◆ **Dataset entries**:
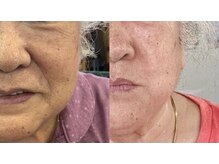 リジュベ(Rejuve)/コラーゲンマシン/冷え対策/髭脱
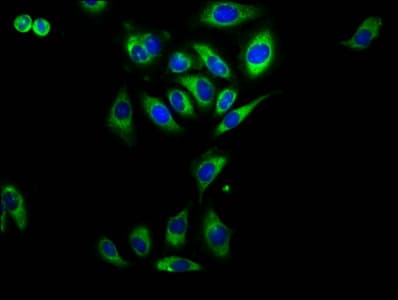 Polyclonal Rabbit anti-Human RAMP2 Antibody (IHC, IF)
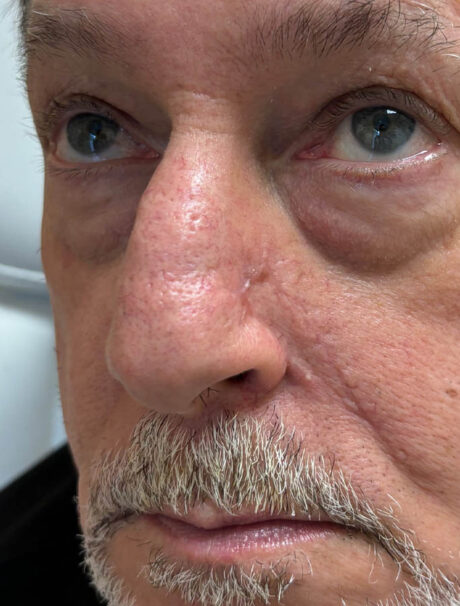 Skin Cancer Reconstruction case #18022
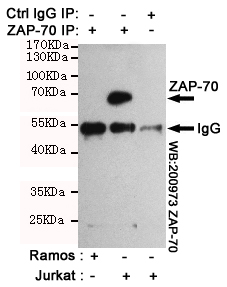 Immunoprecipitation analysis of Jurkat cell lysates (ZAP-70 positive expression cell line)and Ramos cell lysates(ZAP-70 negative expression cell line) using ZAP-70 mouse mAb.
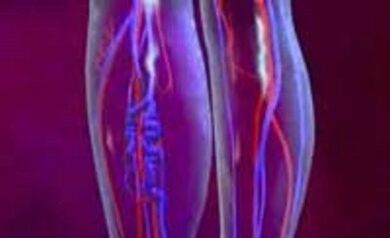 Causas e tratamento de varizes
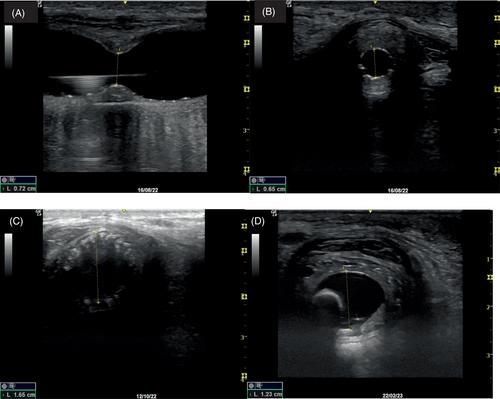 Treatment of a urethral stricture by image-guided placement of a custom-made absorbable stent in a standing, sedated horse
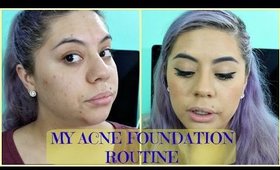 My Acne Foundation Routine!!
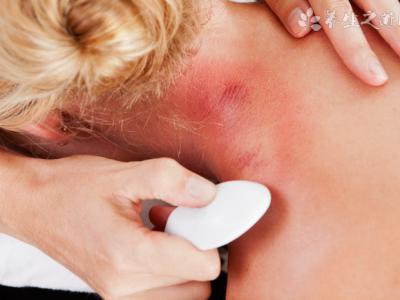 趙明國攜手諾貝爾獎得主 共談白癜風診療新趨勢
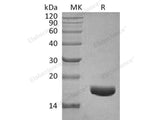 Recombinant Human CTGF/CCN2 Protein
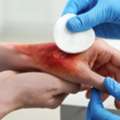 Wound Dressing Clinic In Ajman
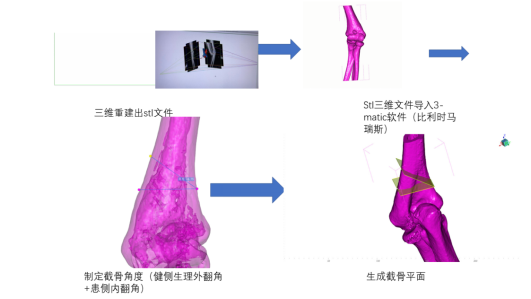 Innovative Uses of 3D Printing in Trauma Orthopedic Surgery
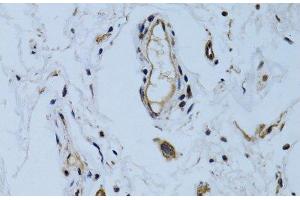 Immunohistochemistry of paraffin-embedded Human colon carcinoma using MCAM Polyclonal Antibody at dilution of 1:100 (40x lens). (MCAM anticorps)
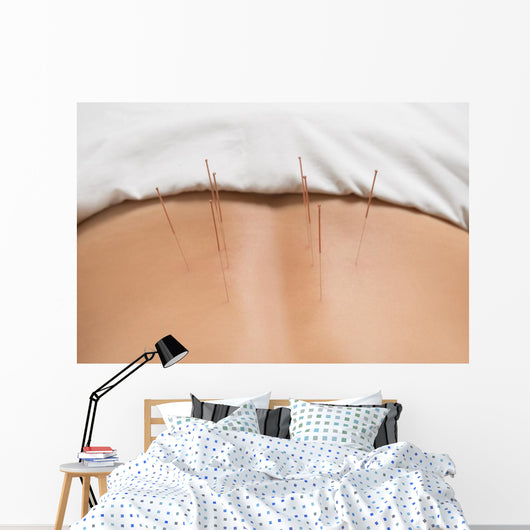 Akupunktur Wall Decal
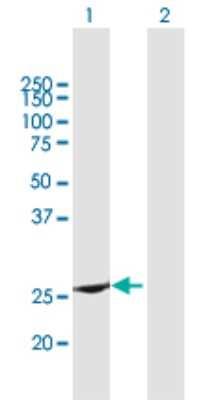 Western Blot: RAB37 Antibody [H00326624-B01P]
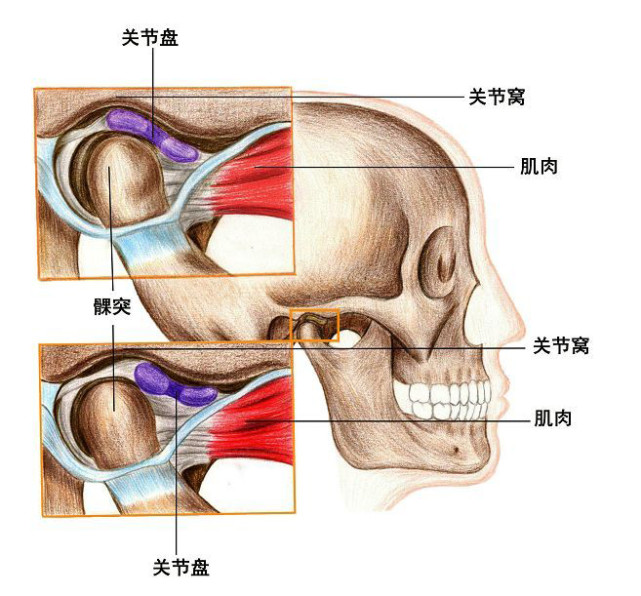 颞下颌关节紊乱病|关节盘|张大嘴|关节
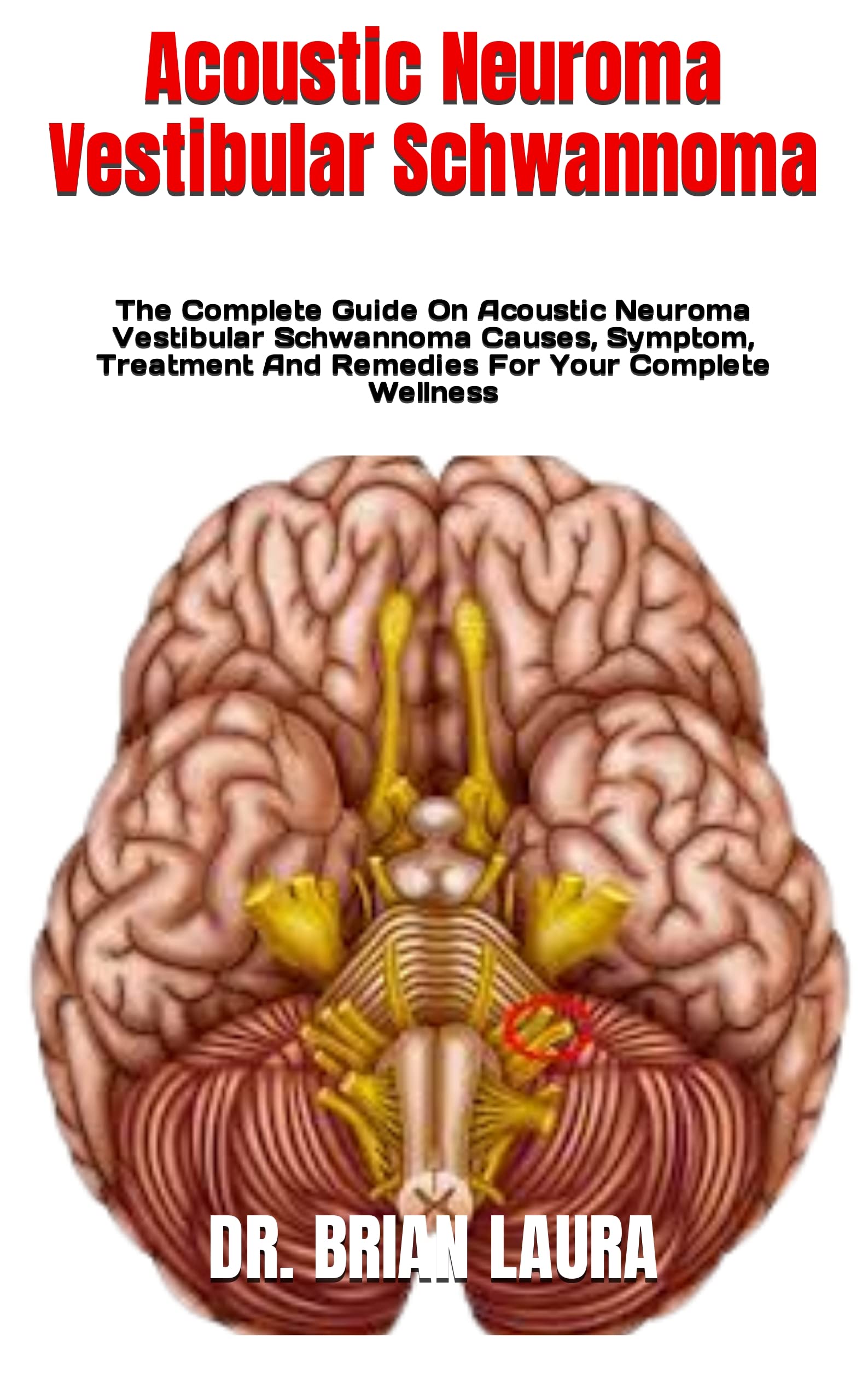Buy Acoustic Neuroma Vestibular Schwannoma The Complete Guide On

==

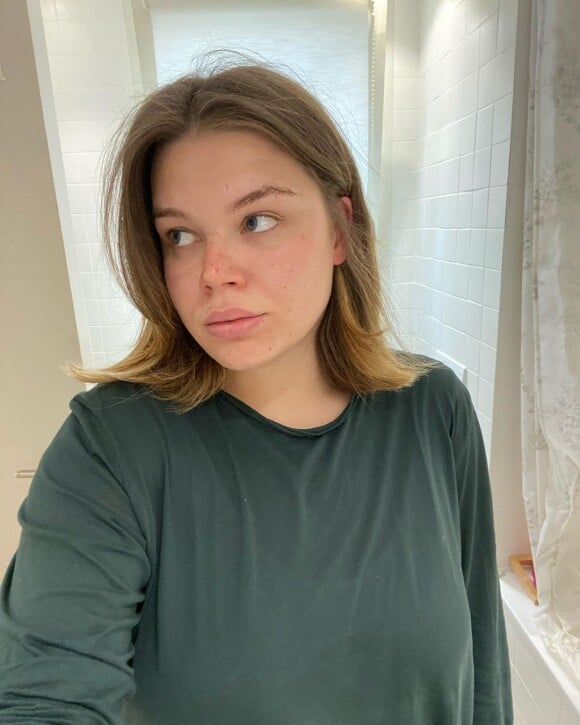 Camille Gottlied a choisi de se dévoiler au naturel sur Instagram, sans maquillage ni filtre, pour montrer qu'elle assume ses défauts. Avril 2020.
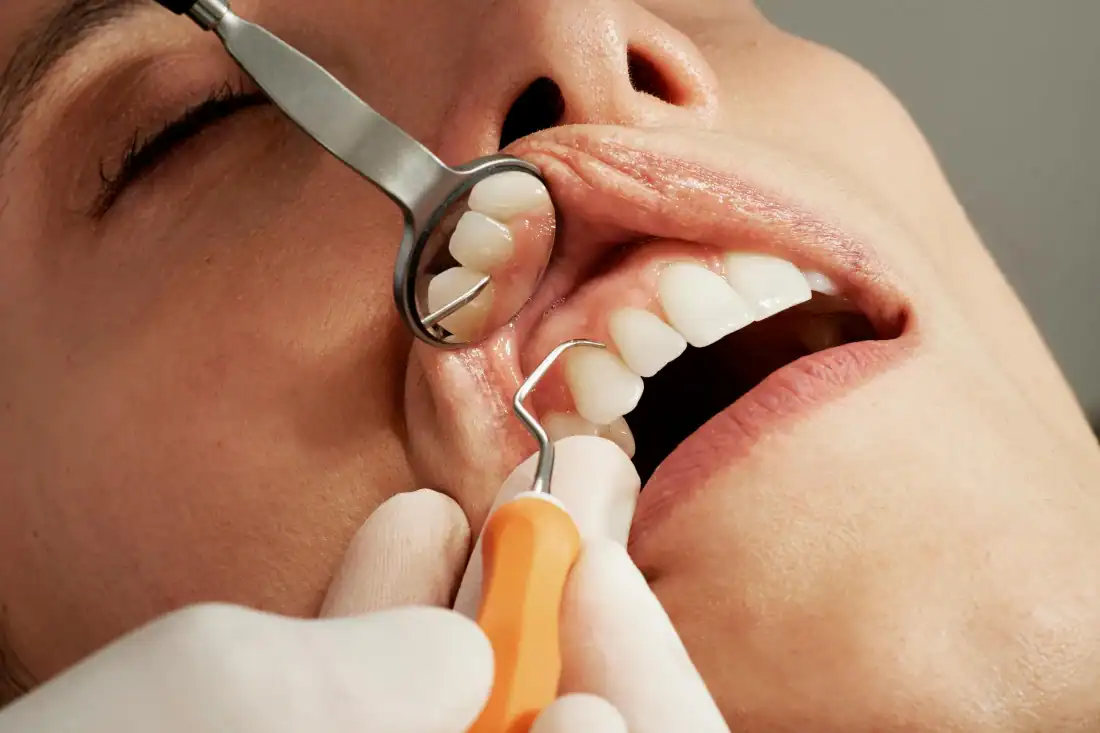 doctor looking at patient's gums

◆ **What is being asked**:
After locating "Camille Gottlied a" and "doctor looking at patient's gums" in the records above, return exactly the line holding each one and every line between them; leave out the pictures.

◆ **Response for this exercise**:
 Camille Gottlied a choisi de se dévoiler au naturel sur Instagram, sans maquillage ni filtre, pour montrer qu'elle assume ses défauts. Avril 2020.
 doctor looking at patient's gums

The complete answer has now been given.